The frivolous litigation statute is interpreted restrictively. DeBrango v. Summit Bancorp, 328 N.J. Super. 219, 226 (App. Div. 2000); Belfer v. Merling, 322 N.J. Super. 124, 144 (App. Div.), certif. denied, 162 N.J. 196 (1999). Sanctions should be awarded only in exceptional cases. Fagas v. Scott, 251 N.J. Super. 169, 181 (Law Div. 1991). See Iannone v. McHale, 245 N.J. Super. 17, 28 (App. Div. 1990) ("[T]he counsel-fee sanction must not be made available for every litigation infraction.")

"'[T]he burden of proving that the non-prevailing party acted in bad faith' is on the party who seeks fees and costs pursuant to N.J.S.A. 2A:15-59.1." Ferolito v. Park Hill Ass'n, 408 N.J. Super. 401, 408 (App. Div.) (quoting McKeown-Brand v. Trump Castle Hotel & Casino, 132 N.J. 546, 559 (1993)), certif. denied, 200 N.J. 502 (2009). When a prevailing party's allegation is based on an assertion that the non-prevailing party's claim lacked "'a reasonable basis in law or equity,'" and the non-prevailing party is represented by an attorney, "an award cannot be sustained if the '[non-prevailing party] did not act in bad faith in asserting' or pursuing the claim." Ibid. (quoting McKeown-Brand, supra, 132 N.J. at 549). "The rationale for requiring proof of bad faith is that clients generally rely on their attorneys 'to evaluate the basis in law or equity of a claim or defenses,' and 'a client who relies in good faith on the advice of counsel cannot be found to have known that his or her claim or defense was baseless.'" Ibid. (quoting McKeown-Brand, supra, 132 N.J. at 557-58).

"When the [non-prevailing party's] conduct bespeaks an honest attempt to press a perceived, though ill-founded and perhaps misguided claim, he or she should not be found to have acted in bad faith." Belfer, supra, 322 N.J. Super. at 144-455. "Thus, a grant of a motion for summary judgment in favor of a [prevailing party], without more, does not support a finding that the [non-prevailing party] filed or pursued the claim in bad faith." Ferolito, supra, 408 N.J. Super. at 408.

Here, Evans's counsel served two "safe harbor" letters on VNB's counsel outlining the alleged frivolous nature of VNB's counterclaim.
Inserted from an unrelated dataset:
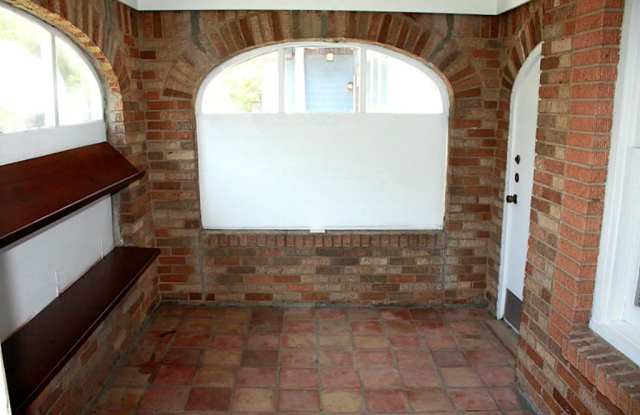1931 Portsmouth Street Gallery 4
VNB's counsel responded that the counterclaim was not a SLAPP suit, but rather, a good faith attempt to protect VNB's legitimate business interests, particularly in light of the boycott Evans's members had urged against VNB, and their attempts to cease or delay the project. VNB's counsel also opined that the SLAPP suit cases which Evans cited in the "safe harbor" letter did not apply or were distinguishable, Evans's complaint was a sham, and that existing case law supported the counterclaim based on the discovery VNB had obtained.

In addition, Ghabrial submitted a certification in opposition to Evans's motion, stating that VNB did not act maliciously or seek to harass, delay or silence Evans or its members; rather, it was merely seeking "recompense for the extra expenses incurred as a result of the delays caused by [Evans] and its members during the approval processes required to complete [the] development." Ghabrial emphasized that Evans and its members had received "every opportunity to be heard" before the Board, the HPO, the OCC, and the court.

We are satisfied that Evans failed to prove that VNB acted in bad faith in asserting or pursuing the counterclaim. To the contrary, the evidence established that, however ill-founded, VNB honestly sought to protect its business interests and recover its costs and expenses resulting from the delay caused by Evans and its members, who continued this litigation long after the Forney House was demolished and the bank was built.